Directors – Sam Liu & Lauren Montgomery, Screenplay – Dwayne McDuffie, Producers – Bobbie Page & Bruce Timm, Music – James L. Venable, Animation – Moi Animation Studio (Supervising Directors – Yun-Jae Go & Seung-Hoom You, Animation Director – In Jung). Production Company – Warner Bros. Animation
William Baldwin (Batman), Mark Harmon (Superman), Chris Noth (Lex Luthor), Gina Torres (Superwoman), James Woods (Owlman), Jonathan Adams (J’onn J’onzz/Martian Manhunter), Brian Bloom (Ultraman), Josh Keaton (The Flash), Vanessa Marshall (Wonder Woman), Nolan North (Green Lantern), Freddi Rogers (Rose Wilson), Bruce Davison (President Wilson), James Patrick Stuart (Johnny Quick), Richard Green (Jimmy Olsen)

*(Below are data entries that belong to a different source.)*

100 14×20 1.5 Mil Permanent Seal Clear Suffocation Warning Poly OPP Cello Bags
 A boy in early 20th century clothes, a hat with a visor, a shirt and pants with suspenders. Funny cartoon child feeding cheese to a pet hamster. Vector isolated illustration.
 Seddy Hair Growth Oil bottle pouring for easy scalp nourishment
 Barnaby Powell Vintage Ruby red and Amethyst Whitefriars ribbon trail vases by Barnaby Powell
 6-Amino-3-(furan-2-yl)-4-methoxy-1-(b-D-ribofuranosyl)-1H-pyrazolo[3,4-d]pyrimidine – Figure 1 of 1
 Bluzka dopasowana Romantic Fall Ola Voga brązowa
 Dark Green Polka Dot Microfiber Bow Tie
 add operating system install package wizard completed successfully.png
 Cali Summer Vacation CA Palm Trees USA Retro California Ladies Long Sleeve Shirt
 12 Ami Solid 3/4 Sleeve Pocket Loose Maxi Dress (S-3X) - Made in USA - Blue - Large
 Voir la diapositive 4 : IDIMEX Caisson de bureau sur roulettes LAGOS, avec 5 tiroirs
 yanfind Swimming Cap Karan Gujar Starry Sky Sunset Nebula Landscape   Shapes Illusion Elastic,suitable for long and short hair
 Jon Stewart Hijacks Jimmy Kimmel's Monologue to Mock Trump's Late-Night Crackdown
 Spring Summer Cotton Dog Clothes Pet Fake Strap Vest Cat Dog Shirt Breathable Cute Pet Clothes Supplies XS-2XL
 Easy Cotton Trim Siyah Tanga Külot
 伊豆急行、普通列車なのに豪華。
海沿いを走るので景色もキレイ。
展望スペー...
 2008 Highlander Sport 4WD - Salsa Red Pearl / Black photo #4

Lex Luthor and The Joker conduct a raid on a scientific facility to steal the Quantum Trigger. The Joker is killed but Luthor makes a getaway, activating the Trigger just before their super-powered nemeses arrive, allowing him to travel to a parallel universe. He arrives in Metropolis and walks into a police station, asking to speak to the Justice League, whereupon he is arrested. The Justice League arrive where Luthor explains that he comes from a parallel Earth where the counterparts of the Justice League are criminals that have banded together to form the Crime Syndicate and he and other villains are the superheroes fighting against them. He needs help defeating the Crime Syndicate from the tyranny in which they hold his world where they even force the US President to bow to their demands. After some debate, Superman, Wonder Woman, Green Lantern, The Flash and J’onn J’onnz agree to head to the parallel world. There they are immediately placed into a fierce battle against their villainous counterparts. Meanwhile, Owlman, this world’s counterpart of Batman, seeks the Quantum Trigger to launch a plan to find Earth Prime, the world from which every alternate world in the multiverse derives, and detonate a bomb that will destroy it and the multiverse.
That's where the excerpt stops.